Dieses Phänomen, bekannt als Flynn-Effekt, geschah viel zu schnell, um durch vererbte evolutionäre Merkmale verursacht zu werden.
Stattdessen war die Ursache wahrscheinlich umweltbedingt – verbesserte Bildung, bessere Gesundheitsversorgung und bessere Ernährung. In der Mitte des zwanzigsten Jahrhunderts versuchten Psychologen auch, IQ-Tests zu verwenden, um andere Dinge als die allgemeine Intelligenz zu bewerten, insbesondere Schizophrenie, Depression und andere psychiatrische Erkrankungen. Diese Diagnosen stützten sich zum Teil auf das klinische Urteil der Bewerter und verwendeten eine Teilmenge der Tests, die zur Bestimmung des IQ verwendet wurden – eine Praxis, die spätere Untersuchungen ergaben, die keine klinisch nützlichen Informationen lieferten.
Heute verwenden IQ-Tests viele ähnliche Designelemente und Arten von Fragen wie die frühen Tests, obwohl wir bessere Techniken haben, um potenzielle Verzerrungen im Test zu identifizieren.
Sie werden nicht mehr verwendet, um psychiatrische Erkrankungen zu diagnostizieren. Aber eine ähnlich problematische Praxis mit Subtest-Ergebnissen wird manchmal immer noch verwendet, um Lernbehinderungen zu diagnostizieren, gegen den Rat vieler Experten.

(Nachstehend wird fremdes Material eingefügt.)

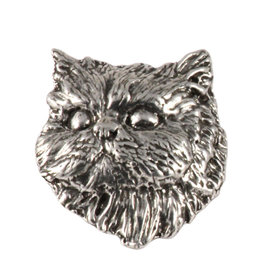 Pewter Persian Cat Pin/Brooch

Psychologen auf der ganzen Welt verwenden immer noch IQ-Tests, um geistige Behinderungen zu identifizieren, und die Ergebnisse können verwendet werden, um angemessene Bildungsunterstützung, Berufsausbildung und betreutes Wohnen zu bestimmen. IQ-Testergebnisse wurden verwendet, um schreckliche Richtlinien und wissenschaftlich grundlose Ideologien zu rechtfertigen.
Das bedeutet nicht, dass der Test selbst wertlos ist – in der Tat leistet er gute Arbeit, um die Argumentations- und Problemlösungsfähigkeiten zu messen, die er anstrebt. Aber das ist nicht dasselbe, wie das Potenzial einer Person zu messen.
Obwohl es viele komplizierte politische, historische, wissenschaftliche und kulturelle Fragen gibt, die in IQ-Tests verpackt sind, stimmen immer mehr Forscher in diesem Punkt überein und lehnen die Vorstellung ab, dass Individuen nach einer einzigen numerischen Punktzahl kategorisiert werden können.